On Sun, 27 Aug 1995, Man In Black wrote:

> On Sun, 27 Aug 1995, Tobin T Fricke wrote:
> 
> > How exactly does that system work?  They can't instantly 
> > demagnetize something with a quick tap on a pad, can they? Also,
> > what are they demagnetizing?  Is it a strip embedded in the spine
> > of the book, or is it just in a sticker on the outside? For
> > instance, how do they do it to magazines (or do they? they
> > go through the process with magazines, too, or is that just
> > because they don't know better?)?
> 
> The way the system works at my local library is that there _is_ a strip 
> embedded in the spine and it isn't demagnetized by a quick tap by rubbing 
> it several times over a demagnetizer (there's a big sticker on the side 
> that says not to leave any magnetic storage media near it).   As far as 
> magazines go, my library simply doesn't let people borrow them (which 
> means if it ain't there, it's stolen).  Anyone know how they protect 
> against magazine theft (okay, no crypto relevance.  reply to me and not 
> the list, then).  Later.
> 

Okay.

The strips that you see in books and on those fake UPC stickers on 
merchandise are NOT magnetic.  They are simply antennas that are tuned
to a particular frequency.

What happens is that when you go near one of the readers/recievers, an 
elecromagnetic (RF) wave is transmitted.  The antenna/sticker is tuned to
this particular frequency and resonates with it.  The result is that there
is a RE-RADIATION of that particular wave and the receiver detects that
out-of-phase retransmitted wave and sets of the alarm.

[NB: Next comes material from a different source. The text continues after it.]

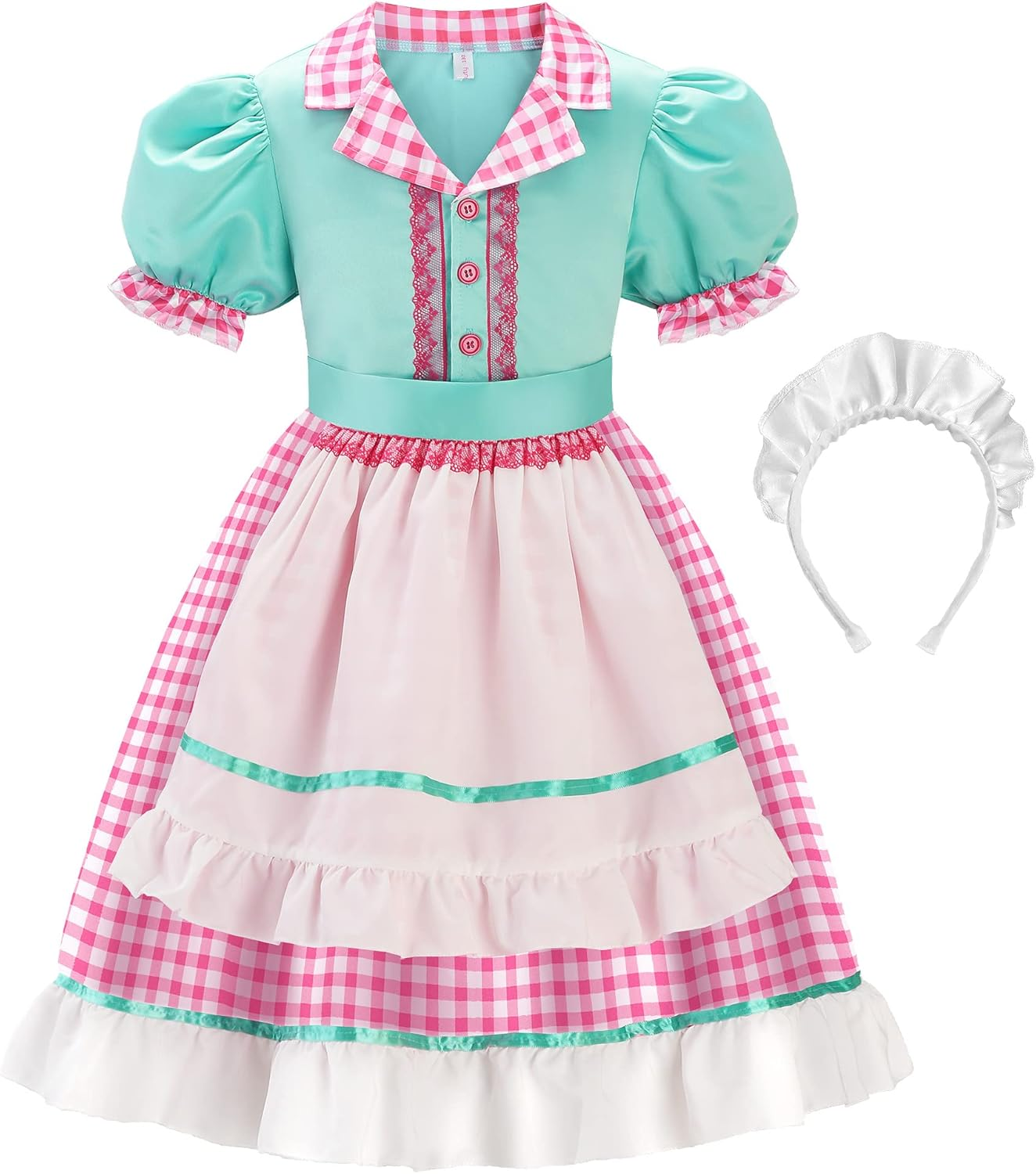 Relibeauty 50S Girl Costume Waitress Costume for Girls with Apron and Headband, Green & Pink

The deactivator simply raditates a stronger wave (tuned to the same 
frequency) that burns a small fuse on the sticker and changes the length
of the antenna and hence its resonant frequency.

I'm not sure how the book strips work but they are similar.  There has
to be a mechanism in there for resetting some sort of small microelectric
circuit that can be reset and change the length of the antenna.